To dig deeper into how organizations were planning for and managing this growth, Vertiv recently conducted a What’s Your Edge global survey.
On average, 21% of participants’ IT infrastructure is currently deployed at the edge. In five years, they expect that to increase to 27%. That’s nearly a 30% increase, which represents a significant shift in overall resources to the edge, confirming what the industry is feeling. Furthermore, while 41% of participants were supporting legacy edge sites, 59% had already deployed or were planning to deploy purpose-built edge sites.
One of the goals of the survey was to identify the characteristics of the edge sites companies are supporting and deploying today, and looking at purpose-built sites was of particular interest since the boundaries of legacy space and technologies are removed.
Enterprise values are coming to the Edge
While sustainability has long been gaining traction in enterprise data centers, the survey showed that commitment was extending to the edge. Of those purpose-built sites, more than three-quarters (77%) are using or planning to use energy-efficient uninterruptible power supply (UPS) systems, while 40% are planning to use renewable energy and 31% are planning to adopt some form of water efficient cooling. Nearly 30% are planning to use dynamic grid support technologies, and 19% will choose refrigerants based on low global warming potential.

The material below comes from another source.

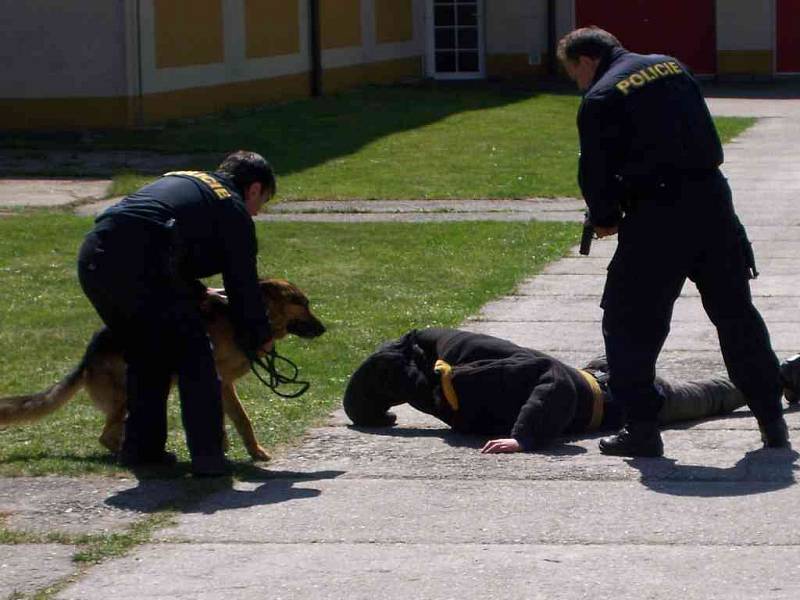 Vydařená sobota v požární stanici v Jindřichově Hradci byla plná ukázek z práce hasičů, policistů a záchranářů.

Also mirroring core sites, security and availability were top challenges participants identified in designing and deploying edge sites. Design and management practices, however, did not always support these goals. For instance, only 39% of participants used dedicated precision cooling to deal with the heat generated by edge sites, even though more than 90% of sites are consuming at least 2 kilowatts (kW) of power — a threshold at which dedicated cooling is recommended.
Integrated Solutions Gain Steam
While there is currently a gap between desired Edge resiliency levels and some design and management practices, organizations are adopting strategies that will enable them to close these gaps, most notably the move toward integrated infrastructure systems.
Forty percent of participants were using or planning to use integrated rack solutions, or micro data centers, and an additional 20% were using or planning to use prefabricated modular data center systems.
These solutions can help improve availability while speeding the deployment of new Edge sites, when specified to arrive on-site IT-ready, with power, cooling, and management technologies fully integrated based on the workload, availability, and environmental requirements of the application.
Standardization Can Help
The report Archetypes 2.0 deployment-ready Edge infrastructure models defines four edge computing models, ranging from the device-level edge to regional edge data centers. Determining your model can provide some level of standardization to simplify new deployments.
Using the models defined in the Archetypes 2.0 report, the most common edge deployments today, based on the survey, fall within the Micro Edge model — up to four equipment racks deployed at an enterprise site such as a retail store, factory floor, or network closet. Half of the participants were supporting or planning edge sites that fit this model.